The pilot was filmed as a single-camera comedy, which was uncommon for the time it was being developed. Writer Robert Smigel later expressed doubt that the project could sustain itself as a full-fledged television series, questioning if "viewers would really want to view that every week? I'm not so sure they would have."

Smigel recollects main star Adam West being enthusiastic for the role, despite poking fun at his acting style:
I remember one day he ran into our office, and he was wearing shorts and a straw hat—but not as a gag. [...] And he announced, "I've got it!" He was dancing on air. He told us that he had been walking on the beach and he'd thought about everything and he finally understood the part. He had cracked the code, kind of like Batman would. He knew exactly what we wanted to do and he was exuberant. He was like a kid.
— Robert Smigel, And Here's the Kicker: Conversations with 21 Top Humor Writers on Their Craft, p. 255

===Initial reception===
The pilot was scrapped, despite NBC chairman Brandon Tartikoff taking interest in developing the pilot. O'Brien jokingly stated that when the pilot aired, it "was the second-lowest rated television show of all time.

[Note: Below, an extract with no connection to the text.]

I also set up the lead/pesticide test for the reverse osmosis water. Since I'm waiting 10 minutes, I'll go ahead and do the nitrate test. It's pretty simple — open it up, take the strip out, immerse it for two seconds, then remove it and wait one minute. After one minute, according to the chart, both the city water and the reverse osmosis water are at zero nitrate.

It’s tied with a test pattern they show in Nova Scotia." Nielsen rated it 92nd out of 92 shows (2.3 million homes) for the week July 22–28.

Smigel expressed his opinion on pitching for television in an interview with The A.V. Club, in that a "pitfall that you always face when you do any project for television, or in movies ... [is that] if it takes any amount of time to develop, there's a good chance that the person who put it in motion is going to get fired, or quit, and the next person isn't going to want to do it." West expressed disappointment with the network's decision, and would bring up resurrecting the pilot over the years. In an interview with Seattle Post-Intelligencer, West said that he has done "like 12 pilots, and Lookwell is really my favorite ... It’s the funniest pilot that never got sold."

==Cult status==
The episode has been described as having an "underground following" over the years, and was popular on eBay for a time before being made available as a video file, due in part to the resurgence of cult popularity for Adam West. The version in general circulation on the Internet is not the original as-aired episode. It comes from a later showing on Trio (a cable station) which, for unknown reasons, has a few cuts and a few alternate jokes/takes inserted. One major difference may be due to music rights issues. A version of the original episode as aired on NBC was known to be circulated by tape traders. However, due to the age, high-quality copies are difficult to find.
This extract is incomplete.